19213번 - Fibonacci's Nightmare 다국어

Define a random linear recursive sequence (RLRS) as a sequence of random variables $a_0, a_1, \ldots$ which is generated as follows. First, $a_0 = 1$. Then, for every $n$ starting from $1$, choose integers $i$ and $j$ independently and equiprobably from $[0; n-1]$, and set $a_n = a_i + a_j$ (note that at this moment, the values of $a_0$, $\ldots$, $a_{n - 1}$ are already determined).

For example, $a_1 = a_0 + a_0 = 2$, and $a_2$ is equally likely to be $a_0 + a_0$, $a_0 + a_1$, $a_1 + a_0$ and $a_1 + a_1$, thus it has 25% probability to be $2$, 50% to be $3$ and 25% to be $4$. After that, $a_3$ is equiprobably chosen from $a_0 + a_0$, $a_0 + a_1$, $a_0 + a_2$, $a_1 + a_0$, $a_1 + a_1$, $a_1 + a_2$, $a_2 + a_0$, $a_2 + a_1$, $a_2 + a_2$; and so on.

You are to determine the variance of $n$-th term of RLRS.

The variance of a random variable $X$ is defined as $\mathbf{Var}(X) = \mathbf{E}(X - \mathbf{E}(X))^2$ (here $\mathbf{E}(X)$ means expectation or mean value of the random variable $X$).

The first line of input contains the integer $n$ ($0 \leq n \leq 10^6$).

Let the variance of $a_n$ be a rational number equal to $U/V$ when cancelled to lowest terms (that is, $U$ and $V$ are integers, $V > 0$ and the greatest common divisor of $U$ and $V$ is $1$).
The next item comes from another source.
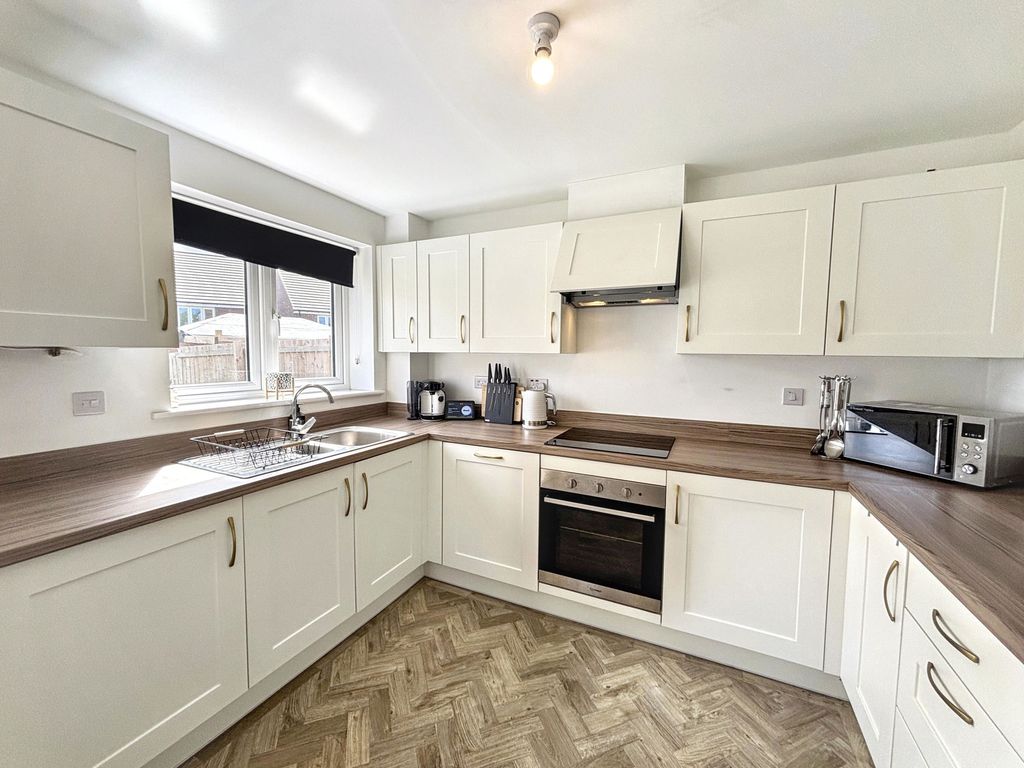 Additional image 12 of 3 bed detached house to rentDaffodil Gardens, Cramlington NE23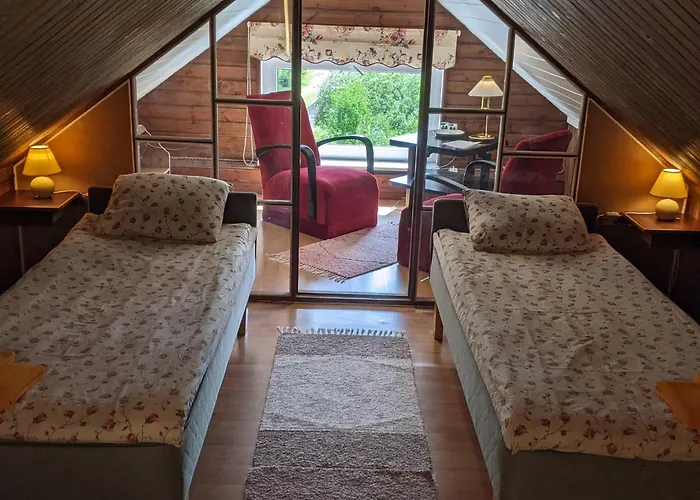 Paerna & * Kuressaare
Output the number $X = (U \cdot V^{-1}) \bmod (10^9 + 7)$. That is, $X$ should satisfy the congruence $VX \equiv U$ modulo $(10^9 + 7)$. It is guaranteed that such $X$ exists and is the only root of this equation with $0 \leq X < 10^9 + 7$.

$a_1$ is always equal to $2$, so $\mathbf{Var}(a_1) = 0$.

$\mathbf{Var}(a_2) = \frac{1}{2}$.

$\mathbf{Var}(a_5) = \frac{263}{36}$.